Directors of a company are exempt from auto enrolment into a pension scheme that other employees of a business have to be a part of should they meet the criteria, however the business can still opt to make contributions if it wishes.

How much can be paid in?

The amount the company can pay into the pension scheme is unlimited, however it must meet the criteria that all allowable expenses must meet by being “wholly and exclusively” for the purposes of the business or trade.  If it is considered “excessive”, even if it is allowable, then the tax benefit is spread over more than one tax year so if you are thinking of making any large contributions it is important to check when relief will be received.

What would make the contributions not allowable?

One example would be if the money paid into the pension was considered excessive when compared to the work done or value added by the person receiving the contributions, then that would not be for business purposes and would not be allowable. 

In the same way, if one particular person received higher contributions than everyone else performing the same role, perhaps because of relationship to the owner (spouse, family, etc), then it would be hard to argue that was solely for business purposes.

Another example would be that if the sole or main purpose of the contribution was to reduce the profit and thus the corporation tax charge, then this would not be for trade purposes even if it was beneficial to the company, so again would not be allowable.

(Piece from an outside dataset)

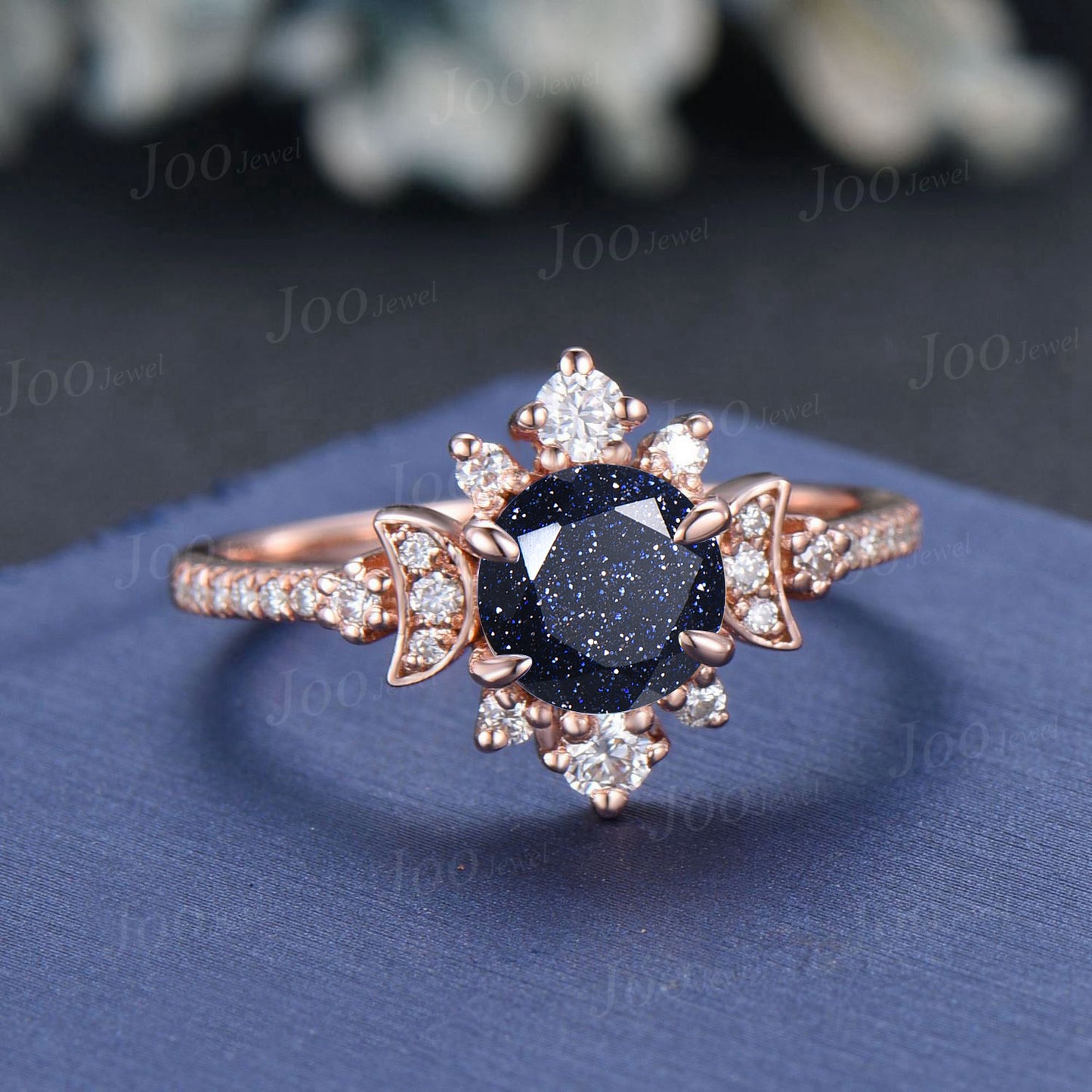 Moon Engagement Ring 10K Rose Gold Starry Sky Galaxy Blue Sandstone Ring Vintage Cluster Moissanite Ring Blue Wedding Ring Celestial Jewelry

Are they treated as benefits in kind?

Provided that the contributions meet the criteria to be a valid business expense, then they will not be treated as a benefit in kind needing to be reported on a P11D, and the employee will have no personal income tax applied to them.

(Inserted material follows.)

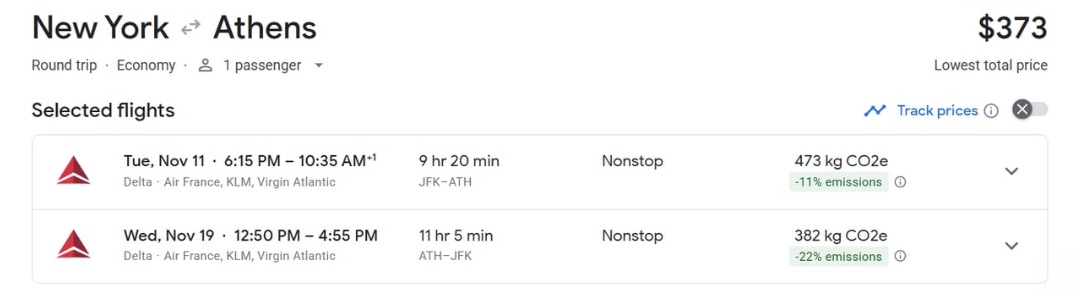 Athens airfare for $373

When can you claim the tax relief?

The pension expense is allowable in the period that the transaction physically occurs, it is not enough to just have an accounting entry to record it.  For example, a company’s year-end is 31st March 2024, and after seeing bumper profits the company commits to pay contributions to reward good results, but didn’t actually make the cash contributions to the scheme until April 2024. 

The year end accounts can show an accrual for this expense, however the tax deduction cannot be claimed until the 2025 corporation tax return as that was the tax year in which the actual transaction happened, so the rate of tax relief you receive will depend on the tax rates paid in the year it took place.

The small print

As you can see from above, contributing to a pension scheme can be a useful way of reducing corporation tax and receiving personal benefit from your company without incurring personal tax charges.

However, we are not allowed to advise on pensions or schemes themselves and you should seek professional advice before setting up or selecting a pension provider, and on whether or not it is beneficial to you as an individual to make contributions through your company.

Also, please be aware that this article only discusses making pension contributions via a limited company, the rules and tax treatments for contributing via a sole trader and partnership are not the same, and different rules apply to company directors making their own individual contributions.